Fire boat response crews battle the blazing remnants of the offshore oil rig Deepwater Horizon, off Louisiana, in this handout photograph taken on April 21, 2010 and obtained on April 22.
Fire-boat response crews battle the blazing remnants of the offshore oil-rig Deepwater Horizon in the Gulf of Mexico in this handout photograph taken on April 21, 2010. REUTERS

The Department of the Interior on Thursday called for a deepwater oil and natural gas containment exercise, designed to test the oil industry's readiness and capacity to respond to a future accident like the Deepwater Horizon in the Gulf of Mexico.

The Marine Well Containment Company, which is one of two suppliers of well-containment equipment to companies operating in the Gulf of Mexico, will be charged with testing a well's capping stack, the piece of equipment that stopped the flow of oil from the stricken BP production platform in 2010, after its blowout preventor failed to function and contributed to the biggest environmental disaster in U.S. history.

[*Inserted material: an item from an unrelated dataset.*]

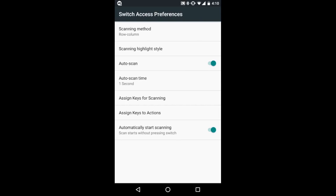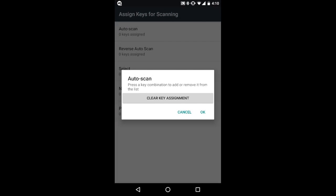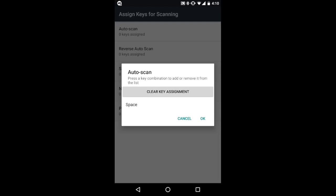Next, go to assign keys for scanning and select auto scan. When the auto scan pop-up appears, press the switch that is connected to your Tecla and click OK.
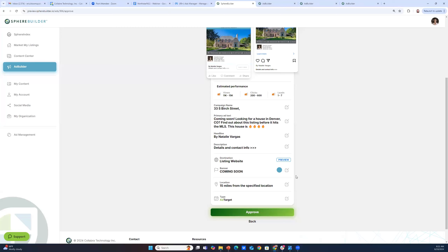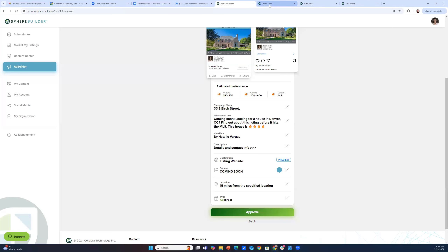You should reasonably ask: these leads and reactions that are generated — how am I going to know? We are connected directly to the social and search platforms, and we return to you any engagement with your ads or any contact forms completed in real time. As real estate agents, we all know leads expire very quickly. The moment somebody completes a contact form or reacts to your ad, you'll be sent a notification to your email. When you click that notification, you can respond directly via email to contact your client.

No date yet is set for the live exercise, but the DOI and the Bureau of Safety and Environmental Enforcement anticipate the test will take place this summer.

In the wake of the Deepwater Horizon explosion and oil spill, we undertook the most aggressive and comprehensive reforms to offshore oil and gas oversight in U.S. history, including requiring the industry to have immediate access to equipment and technologies that could stop another blowout, said Secretary of the Interior Ken Salazar.

Our safety reforms are designed to reduce the chances that a capping stack would ever be needed again, but one thing Deepwater Horizon taught us is that you must always be ready to respond to the worst case scenario. This exercise is an opportunity to deploy systems, test readiness, and train under real-time conditions, said Salazar.

The other supplier, Helix Well Containment Group, will conduct a similar test at a later date, said the DOI.

The live drill is intended to see how companies respond to the new reforms the offshore drilling industry must now adhere to following the 2010 Gulf of Mexico oil leak.

Companies are now required to assure regulators they, at any moment, have ready access to blowout preventors, the piece of equipment that failed on BP's Deepwater Horizon, and submit to an inspection by the Bureau of Ocean Energy Management of all deepwater drilling operations

The exercise will also test if the company can stick to its own deployment schedule as it lowers containment equipment by wire, and sets up other equipment to remove debris as well as collection mechanisms to capture seeping oil.